MP Materials building massive manufacturing site in Texas

MP Materials Corp. (MP) announced on Tuesday that it has selected a 120-acre site in North Lake, Texas to build a new large-scale rare earth manufacturing campus.
The planned campus, which will be called 10X, is being built less than 10 miles from MP's existing Independence facility in Fort Worth, Texas. The company said in a press release that by building the new campus in the same area as its current facility, it will make North Texas "the center of gravity for the United States’ rare earth magnet supply chain."
According to MP, the 10X campus will "significantly expand" its fully integrated US rare earth magnetics manufacturing platform, contributing approximately 10,000 metric tons of NdFeB rare earth magnets per year. The company's production already encompasses mining and refining, metallization and alloying, sintering, finished magnet production and closed‑loop recycling.
Once the new campus is fully operationally, it will "dramatically" advance the ability to produce these strategic components domestically in the US, according to MP.
The company is expecting to invest more than $1.25 billion in the project, which it says will create more than 1,500 direct manufacturing and engineering jobs at the site. MP will break ground on the new campus "imminently" and commissioning is set to begin in 2028.
Government backing paid way for 10X
The 10X campus is being built as part of the 10-year public-private partnership that MP signed with the US Department of War (DoW) in July to accelerate rare earth mining in the United States. The company said at the time that the planned 10X facility would be the cornerstone of the project.
As part of the agreement, the DoW has agreed to purchase $400 million of a newly-created series of the MP Material’s preferred stock, which is convertible into shares of the company’s common stock.
This investment makes the Defense Department the largest shareholder of MP materials.
The agreement also establishes a price floor commitment from the DoW of $110 per kilogram for MP Materials’ NdPr products stockpiled or sold, which is meant to reduce vulnerability to non-market forces and ensure stable and predictable cash flow for the company with shared upside.
And for a period of 10 years following the construction of the 10X Facility, the DoW has agreed to ensure that 100% of the magnets produced at the 10X Facility will be purchased by defense and commercial customers with shared upside.
“10X is about building industrial strength at a scale the United States has not seen in generations, and the exceptional talent and infrastructure in North Texas make it possible,” MP Materials founder and CEO James Litinsky said in a statement.
“We are advancing key objectives under our public-private partnership with the Department of War and accelerating America’s rare earth and magnet independence with an uncompromising focus on speed, execution, and delivery.”

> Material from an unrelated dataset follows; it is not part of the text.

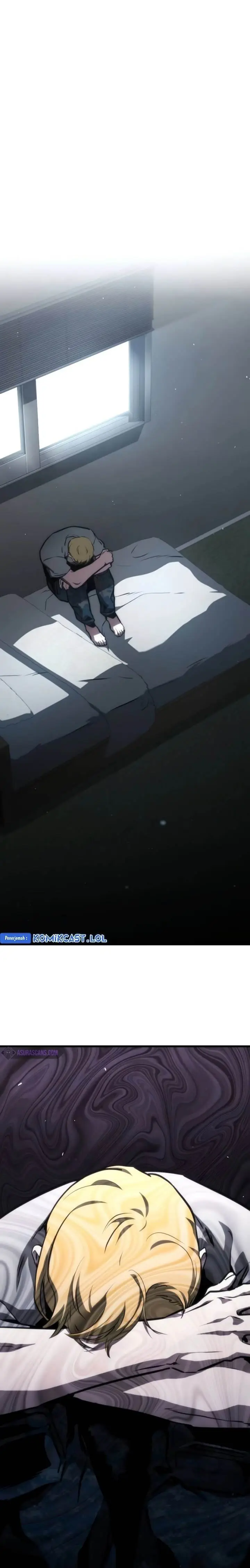 image-komik-kill-the-dragon-chapter-95-0/33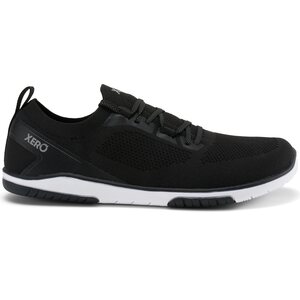 Xero Shoes Nexus Knit (miesten)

Rare earths are the key building block of modern tech, powering everything from electric vehicles and semiconductors to robotics and missile guidance systems.
MP's commercial customers include General Motors Company (GM) and Apple Inc. (AAPL).
The latter entered into a $500-million long-term partnership agreement with MP in July.
The agreement calls for MP Materials to supply Apple with magnets produced at its Fort Worth, Texas, facility—known as Independence—using recycled rare earth feedstock processed at MP’s Mountain Pass site in California.
MP's shares are up nearly 19% so far this year.